Camiler: Konya’daki gezinize camileri dolaşarak başlayabilirsiniz. Sultan Selim Camii, Kadı Mürsel Camii, Şemsi Tebrizi Camii ve Türbesi, Kapu Camii, Aziziye Camii ve Eşrefoğlu Camii Konya’nın en çok gezilen camileri arasında ilk sıralarda yer almaktadır.
Medreseler: İnce Minareli Medrese, Karatay Medresesi, Sırçalı Medrese Konya’da ziyaret edebileceğiniz medreselerdir. Bu medreselerin hemen hepsi Selçuklu döneminden kalma eserlerdir.
Türbeler: Konya denince akla ilk gelen türbelerdir. Özellikle inanç turiziminin en geliştiği şehirlerden biri olan Konya’da ziyaret edebileceğiniz pek çok türbe bulunmaktadır. Mevlana Türbesi, Pir Sultan Abdal Türbesi, Tavsubaba Türbesi, Sultanlar Türbesi, Gömeç Hatun Türbesi, Nasrettin Hoca Türbesi ise bu türbeler içinde çok ziyaret edilenlerdir.
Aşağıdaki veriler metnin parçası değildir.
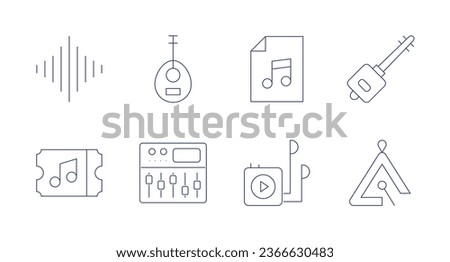 Music icons. Editable stroke. Containing audio waves, concert, laud, mixer, music file, music player, shamisen, triangle.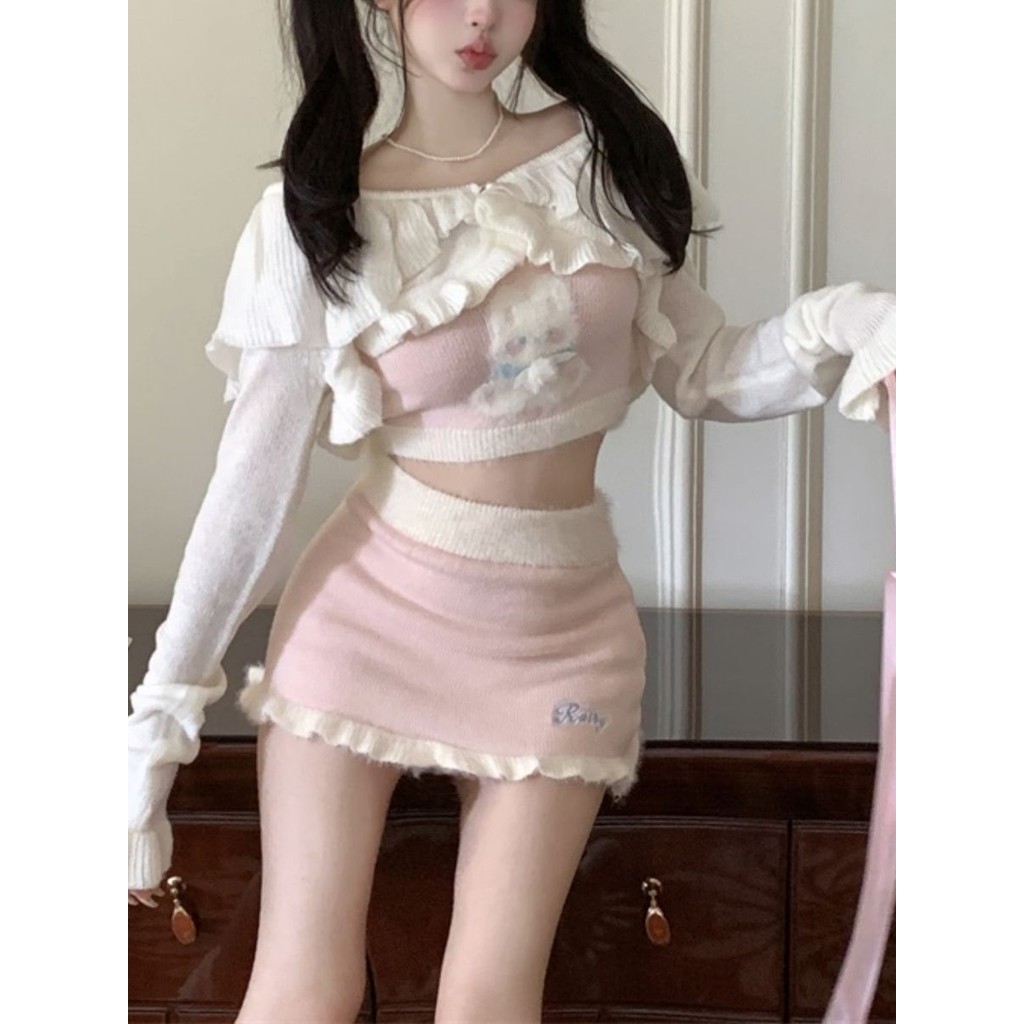 【臺灣出貨】【爆款新品】少女 奶兔乖乖 秋冬女裝新款粉色毛針織衫吊帶包臀半裙套裝女椰子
Müzeler: Konya geziniz sırasında en keyifli duraklarınızdan biri de müzeleri ziyaret etmek olacaktır. Konya Mevlana Müzesi, Nasreddin Hoca Arkeoloji ve Etnografya Müzesi, Konya Atatürk Evi Müzesi, Konya Ereğli Müzesi ve Koyunoğlu Müzesi Konya’da gezebileceğiniz müzelerdendir.
Mağaralar: Konya, mağara turizminin geliştiği illerimizden biridir. Şehirde pek çok turistik mağara bulunmaktadır. Eğer siz de mağaralara karşı ilgi duyuyorsanız Körükini Mağarası, Balatini Mağarası, İnbaşı Mağarası, Güvercinlik Mağarası, Tınaztepe Mağarası, Yerköprü Mağarası’nı gezmenizi tavsiye ediyoruz.
Mevlana Müzesi
“Aşk dediğin ya Allah’tan gelmeli. Ya Allah için olmalı. Ya da Allah’a ulaştırmalı. Yoksa yerler bir olmalı.” gibi sözleriyle ve birçok şiiriyle tasavvuf dünyasının önemli bir düşünce adamıdır Mevlana Celaleddin Rumi.
Mevlana Müzesi Konya’da bulunan, eskiden Mevlâna’nın dergâhı olan yapı kompleksinde, 1926 yılından beri faaliyet gösteren müzedir. “Mevlana Türbesi” olarak da anılır.
(Yeşil Kubbe) denilen Mevlana’nın türbesi dört fil ayağı (kalın sütun) üzerine yapılmıştır. O günden sonra yapı faaliyetler hiç bitmemiş, 19. yüzyılın sonuna kadar yapılan eklemelerle devam etmiştir. Osmanlı sultanlarının bir kısmının Mevlevi tarikatından olması Türbe’ye özel bir önem verilmesini ve iyi korunmasını sağlamıştır.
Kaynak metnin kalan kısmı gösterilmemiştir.